- [Task requirements] Return the lines below that carry the word "with".

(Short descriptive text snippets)
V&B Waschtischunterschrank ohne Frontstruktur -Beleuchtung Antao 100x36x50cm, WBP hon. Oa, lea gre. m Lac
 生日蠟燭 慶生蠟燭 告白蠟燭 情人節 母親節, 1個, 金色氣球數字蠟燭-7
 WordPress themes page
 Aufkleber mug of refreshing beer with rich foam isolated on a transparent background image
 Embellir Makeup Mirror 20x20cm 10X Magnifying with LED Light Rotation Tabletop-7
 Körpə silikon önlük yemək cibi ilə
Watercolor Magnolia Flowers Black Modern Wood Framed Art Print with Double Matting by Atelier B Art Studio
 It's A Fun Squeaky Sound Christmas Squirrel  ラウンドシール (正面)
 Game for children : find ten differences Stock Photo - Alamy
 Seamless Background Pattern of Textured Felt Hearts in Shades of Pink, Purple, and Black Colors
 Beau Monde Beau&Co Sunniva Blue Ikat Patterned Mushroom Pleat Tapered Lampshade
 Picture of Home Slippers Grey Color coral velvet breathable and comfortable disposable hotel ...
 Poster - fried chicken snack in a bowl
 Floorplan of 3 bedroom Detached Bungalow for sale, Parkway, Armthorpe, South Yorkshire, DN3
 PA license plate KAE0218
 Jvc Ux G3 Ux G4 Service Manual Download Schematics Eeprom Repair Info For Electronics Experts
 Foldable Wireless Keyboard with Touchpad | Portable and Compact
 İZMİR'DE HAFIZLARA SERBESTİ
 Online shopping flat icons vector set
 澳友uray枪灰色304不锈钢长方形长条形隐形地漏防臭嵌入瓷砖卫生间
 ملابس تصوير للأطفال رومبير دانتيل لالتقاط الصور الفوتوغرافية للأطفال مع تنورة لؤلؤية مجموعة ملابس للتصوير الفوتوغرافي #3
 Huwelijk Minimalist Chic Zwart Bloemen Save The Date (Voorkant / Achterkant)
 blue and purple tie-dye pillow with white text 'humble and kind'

- [Output]
 Aufkleber mug of refreshing beer with rich foam isolated on a transparent background image
 Embellir Makeup Mirror 20x20cm 10X Magnifying with LED Light Rotation Tabletop-7
Watercolor Magnolia Flowers Black Modern Wood Framed Art Print with Double Matting by Atelier B Art Studio
 Foldable Wireless Keyboard with Touchpad | Portable and Compact
 blue and purple tie-dye pillow with white text 'humble and kind'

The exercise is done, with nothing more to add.